Wszystko dookoła się rozmazało w jedną, kolorową plamę. Nie miałam zamiaru upaść. Chciałam pokazać im, że jestem od nich lepsza. Że jestem lepsza nawet od Simona. Od nich wszystkich. Nawet od Erica i Erici.
Wciąż w głowie miałam twarz blondyna, gdy oderwał wargi od moich. Sama nie mogłam uwierzyć, że z własnej woli mnie pocałował wiedząc kim jestem. Sama sobą się brzydziłam. Jestem Upadła w ciele śmiertelnika. To gorsze niż lycantropia, która istnieje. Ale wilkołaki nie tkwiły mi w głowie jak jakaś piosenka. Dręczyła mnie myśl o Simonie i Ericu. Czemu oni są dla mnie inni niż wszyscy? Ja byłam dla nich oschła. Chociaż dla bruneta byłam całkiem miła...
--McCarny, dajesz szybciej!--krzyknęła nauczycielka w-fu gdy robiłam przedostatnie okrążenie. Mieliśmy biegać na półtora kilometra. Wiedziałam, że mam czas poniżej trzech minut. Trochę zwolniłam, ale nie na tyle żeby zejść do 5-ciu minut. Na końcu okrążenia dostosowałam się do tępa koleżanki z klasy, która posyłała mi mordercze spojrzenie. Uśmiechnęłam się i ją ominęłam. Przestałam biec, gdy skończyłam bieg. Miałam lekko przyśpieszony oddech, ale nie tak bardzo jak inni ludzie, którzy robili drugie okrążenie z pięciu. Uśmiechałam się rozkoszując się ich bólem mięśni. Przenikałam do ich myśli, by zobaczyć jak to jest się męczyć. --Melodie, coś się stało z moim stoperem.--walnęła w sprzęt otwartą dłonią.-- Wychodzi mi, że zajęło ci to dwie i pół minuty.
--Może mam powtórzyć bieg?--zaproponowałam.
--Nie. Ale i tak dostaniesz szóstkę.
Uśmiechnęłam się.
--Dziękuje.
Wyjęła coś z torebki i zaczęła bazgrać w zeszycie, który wyglądał jakby miał z tysiąc lat.

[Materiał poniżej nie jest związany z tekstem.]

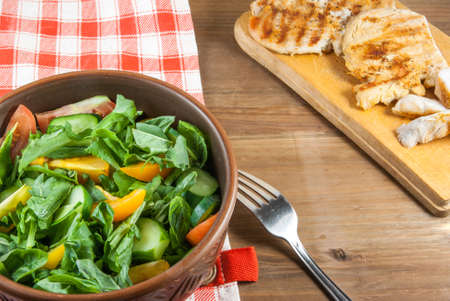 Chicken fillet, grilled, with a large portion of salad with fresh vegetables and herbs on a wooden table with a red cloth into a cell. top viewの写真素材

--Idź teraz pograć w zbijaka.--kazała.
Nie mogłam ukryć strachu, który nagle ogarnął moje ciało i cały umysł. Odkąd jestem na Ziemi Przeklętych bałam się tej gry. Co się stanie jeśli, któryś z tych Przeklętych walnie mnie prosto w ślad po skrzydłach? Może się domyśleć. W tedy mogę zginąć pod tą postacią jak i następną.

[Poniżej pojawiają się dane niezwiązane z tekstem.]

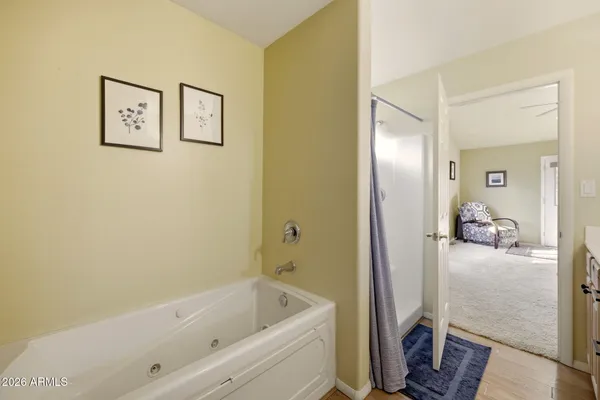 a view of a house with a door and wooden floor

--A mogę iść się umyć?--spytałam starając się, by głos mi nie draż. Bałam się. Po raz pierwszy się bałam. Nie chodziło o to, że zginę tylko to, że Simon też może pójść w moje ślady, gdy sobie przypomni kim jest. Jego Moce mogą zostać uaktywnione w każdej chwili. A ja w tedy mogę być dzieckiem, które dopiero raczkuje.
--Nie.--odparła nauczycielka.
--Ale proszę. Cała się lepie i śmierdzę gorzej niż skunks.

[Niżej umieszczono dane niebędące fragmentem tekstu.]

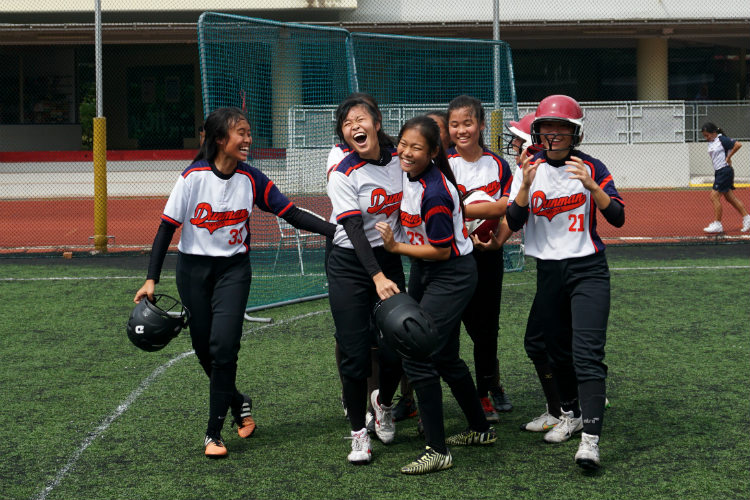 Xinyi (DHS #20) returning home into the arms of her teammates after hitting Dunman's sole homerun. (Photo 6 © REDintern Pang Chin Yee)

--Niestety nie możesz. Idź grać a nie mi tu narzekasz!!
Nie chętnie weszłam na boisko. Nie mogę powiedzieć, że nie przeklinałam w duchu, bo bym skłamała a Anioły nie kłamią. Brzydzimy się tym.
Stanęłam na środku boiska czekając aż mnie wybiorą. Doczekałam się po chwili. Simon mnie wybrał. Uśmiechnęłam się przechodząc obok niego. Odwzajemnił ten gest. Coś szepnął do kolei i podszedł do mnie. Starałam się udawać, że go nie widzę i zajęłam się kopaniem ziemi. Zakaszlał gdy znalazł się obok mnie. Podniosłam oczy leniwie jakbym udawała kota.
--Hej M.--przywitał się nieśmiało.
--Cześć Simon. Już gra się zaczyna?
--Jeszcze nie. Możemy pogadać?
Rozejrzałam się szukając podświadomie Erica lub jego siostry.
--Jasne. Czemu nie?
Chwycił moją dłoń i pociągnął pod jakiś mur, który był ledwo widoczny przez rośliny, które go oplątywały. Usiadł i poklepał miejsce obok siebie. Chwilę zwlekałam, ale usiadłam.
--Nie wspominałaś nic o Ericu--poskarżył się.--Myślałem...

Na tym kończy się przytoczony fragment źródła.